Photo : Gil de Siloé, tombeau de l'infant Alonso (Burgos, chartreuse de Miraflores, XVe siècle)

Quantité de ses homologues ont connu des destinées semblables dans le passé, preuve de l’importance de la mobilité des artistes et des oeuvres au cours du Moyen Age tardif et de la première Modernité. Il en va ainsi du sculpteur flamand Gil de Siloé, actif entre 1486 et 1501 à Burgos où il réalise les gisants d’Isabelle de Portugal et de Jean II de Castille dans la Chartreuse de Miraflores. C’est de nos régions que s’opère ici, grâce à lui, une série de transferts de formules stylistiques vers la péninsule Ibérique. On pourrait multiplier à l’envi ce type d’échanges qui ont ponctué l’histoire artistique de l’Europe.

« La journée d’étude du 16 novembre, intitulée “Les transferts iconographiques et stylistiques à l’époque gothique (XIIe -XVIe siècle)”, se penchera sur les déplacements opérés par ces hommes ainsi que sur les oeuvres qui en ont résulté », signale Benoît Van den Bossche, chargé de cours, membre du département de recherche sur le Moyen Age tardif et la première Modernité “Transitions” de l’ULg et co-organisateur de la rencontre. « A vrai dire, elle est la troisième du genre : la première s’est tenue en 2010 à Paris, à l’Institut national de l’histoire de l’art, et avait pour objet “Les transferts techniques et technologiques dans l’Europe gothique” ; la deuxième, en 2011, avait eu pour cadre l’université de Toulouse II-Le Mirail et portait sur “Les aspects socioprofessionnels des transferts artistiques”. »

On le voit, cet événement clôture un cycle qui rythme un ample projet d’investigations. « Lequel, précise Benoît Van den Bossche, comporte une dimension internationale affirmée puisqu’un grand réseau de chercheurs s’applique intensivement à rassembler des milliers d’informations au sujet de ces circulations d’artistes, d’oeuvres ou de modèles, et ce dans le rapport dynamique et dialectique que les uns et les autres entretiennent avec les milieux d’accueil et de réception. »

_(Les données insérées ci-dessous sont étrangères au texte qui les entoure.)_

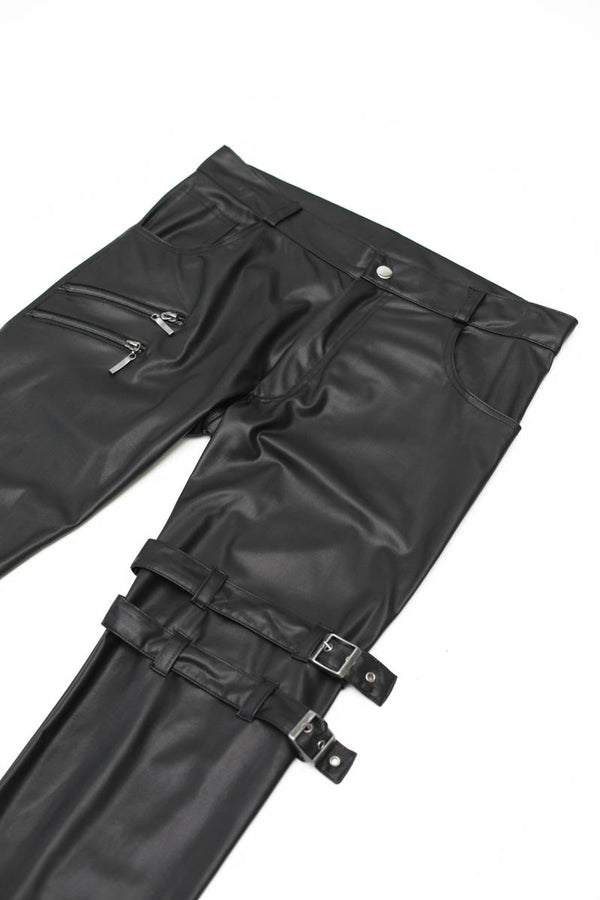 Herren Gothic Punk Hose mit Reißverschlüssen und Riemen von Regnes Fetish Planet – Ansicht 10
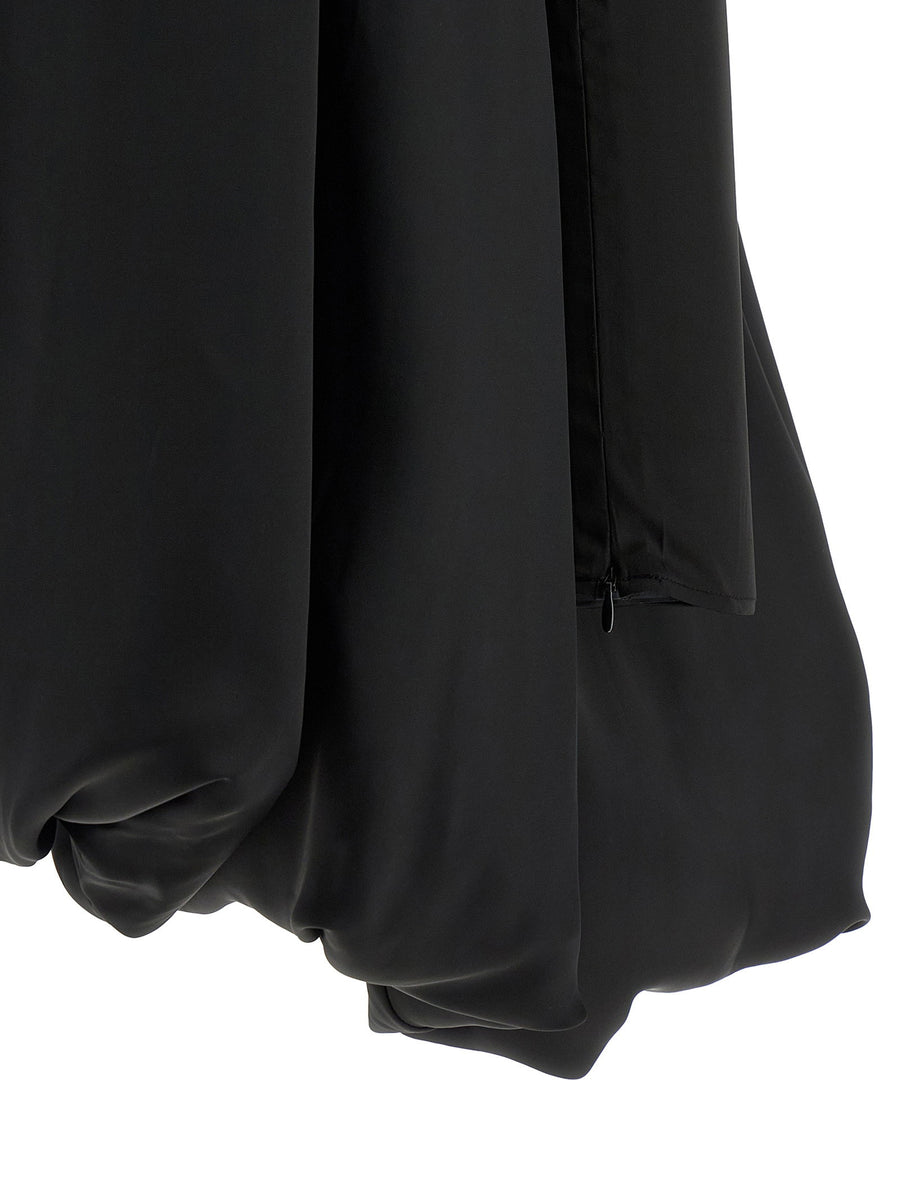 Rotate Birger Christensen Black Satin Le Bubble Mini Dress With Removable Sleeves For Women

Ajoutons que ce colloque est conjointement organisé par l’université de Nantes, l’Institut national d’histoire de l’art, Paris (Jean-Marie Guillouët), l’université de Toulouse II-Le Mirail (Jacques Dubois) et l’université de Liège (Benoît Van den Bossche). Il sera aussi polyglotte, les intervenants issus de plusieurs Etats européens – tant de l’Est que de l’Ouest – ayant la possibilité de s’exprimer dans la langue de leur pays d’origine. L’art n’ayant que faire des frontières, il serait vraiment dommage que les idiomes fassent obstacle à sa diffusion.

Henri Deleersnijder

Les transferts iconographiques et stylistiques à l’époque gothique

Journée d’étude, le vendredi 16 novembre, à la Salle académique, place du 20-Août, 4000 Liège.